Version 17 (modified by jhorwitz, 13 years ago)

--

mod_parrot Architecture

NOTE: This is a work in progress.

Overview

This page describes the various subsystems of mod_parrot, and how they all work together. It will track mod_parrot trunk, so it may not accurately describe the latest release.

Terminology

  • HLL: high level language (e.g. Rakudo Perl 6, PHP)
  • NCI: Parrot's native call interface, used to call C functions from Parrot
  • HLL layer: code that implements a particular HLL Apache module
  • Metahandler: code that implements a single Apache phase for a particular HLL
  • PMC: Parrot Magic Cookie
  • Context: a data structure containing information about the current connection
  • Interpreter: a Parrot interpreter (Parrot_Interp)

mod_parrot Module

The mod_parrot Apache module is the product of compilation, and is usually named mod_parrot.so on Unix systems. It has a dependency on libparrot.so.
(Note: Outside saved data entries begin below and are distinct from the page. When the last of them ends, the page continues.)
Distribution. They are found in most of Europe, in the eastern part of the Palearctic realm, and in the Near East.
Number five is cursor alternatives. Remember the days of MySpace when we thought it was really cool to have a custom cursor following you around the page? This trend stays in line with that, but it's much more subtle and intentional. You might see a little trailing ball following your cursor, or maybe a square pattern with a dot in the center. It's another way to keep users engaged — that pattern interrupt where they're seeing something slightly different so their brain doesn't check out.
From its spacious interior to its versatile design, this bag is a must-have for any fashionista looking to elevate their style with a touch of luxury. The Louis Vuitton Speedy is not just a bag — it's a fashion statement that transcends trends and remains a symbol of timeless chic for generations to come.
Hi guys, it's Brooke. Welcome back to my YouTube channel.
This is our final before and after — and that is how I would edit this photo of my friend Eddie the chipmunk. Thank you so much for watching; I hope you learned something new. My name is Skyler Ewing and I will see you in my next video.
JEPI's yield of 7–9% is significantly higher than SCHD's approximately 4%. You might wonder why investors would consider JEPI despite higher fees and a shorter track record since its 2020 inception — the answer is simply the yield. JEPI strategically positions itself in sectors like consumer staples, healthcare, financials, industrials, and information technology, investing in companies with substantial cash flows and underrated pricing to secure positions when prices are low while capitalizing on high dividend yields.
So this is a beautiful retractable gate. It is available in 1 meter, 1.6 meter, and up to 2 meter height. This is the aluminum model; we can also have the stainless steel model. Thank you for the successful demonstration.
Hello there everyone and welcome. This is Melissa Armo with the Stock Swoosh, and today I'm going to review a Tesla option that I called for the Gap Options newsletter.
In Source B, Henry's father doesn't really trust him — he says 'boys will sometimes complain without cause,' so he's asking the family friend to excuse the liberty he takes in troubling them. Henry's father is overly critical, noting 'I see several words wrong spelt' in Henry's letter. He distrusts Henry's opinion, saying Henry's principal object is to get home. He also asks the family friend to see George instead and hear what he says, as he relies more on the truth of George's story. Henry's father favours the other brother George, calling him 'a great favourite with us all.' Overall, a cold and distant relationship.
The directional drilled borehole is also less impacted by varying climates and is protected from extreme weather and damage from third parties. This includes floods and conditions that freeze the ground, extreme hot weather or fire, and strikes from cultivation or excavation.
After installation, the module should be loaded as follows in the Apache configuration:

LoadModule parrot_module modules/mod_parrot.so

The module alone provides no HLL layers, and thus no real functionality by itself.

Configuration

Contexts

A context is a data structure that maintains state for mod_parrot during the various phases of a request. It is defined as modparrot_context in mod_parrot.h and contains the following members:

  • Parrot_Interp interp - a Parrot interpreter bound to this context
  • Parrot_Interp parent_interp - the parent interpreter (if any) of interp
  • long count - UNUSED
  • int locked - is this context in use? 0=available, 1=in use
  • Various Apache data structures relevant to this request:
    • request_rec *r
    • apr_pool_t *pconf
    • apr_pool_t *plog
    • apr_pool_t *ptemp
    • apr_pool_t *pchild
    • server_rec *s
    • conn_rec *c
    • void *csd
  • int module_index - identifies the current HLL module (index into the server configuration's module_array)
  • int pool_index - index into the context pool array

The block of Apache data structures lists all possible structures that Apache may pass to a handler. As a rule, if any of the Apache data structures are in scope, mod_parrot MUST update the corresponding pointer in the context before calling a metahandler. This ensures that metahandlers can access the proper data structures, as they are given only the context to work with.

Context Pools

Contexts are allocated from context pools, which are populated at startup and tuned dynamically at runtime. There is a single global pool, plus one pool per virtual host configured with +Parent. Virtual hosts without +Parent share the global pool. Contexts contain pointers to Parrot interpreters so this also provides mod_parrot with a pool of interpreters. Contexts are aware of their slot in the pool array (see pool_index).

Context Lifecycle

Contexts are created at Apache startup during the configuration phase, when interpreters are needed to register various HLL modules and parse directives. An interpreter is always started when a context is created.

XXX Forking?

To maintain state, the same context must be used for all phases of a request, as it contains a reference to the interpreter. When a context is needed, code should call init_ctx(server_rec *s, conn_rec *c), which will return an available context from the pool. If c is non-null, init_ctx will either return the context bound to that connection, or bind and return an available context if none is already bound. Code in hooks that run before the pre-connection phase should pass a NULL connection.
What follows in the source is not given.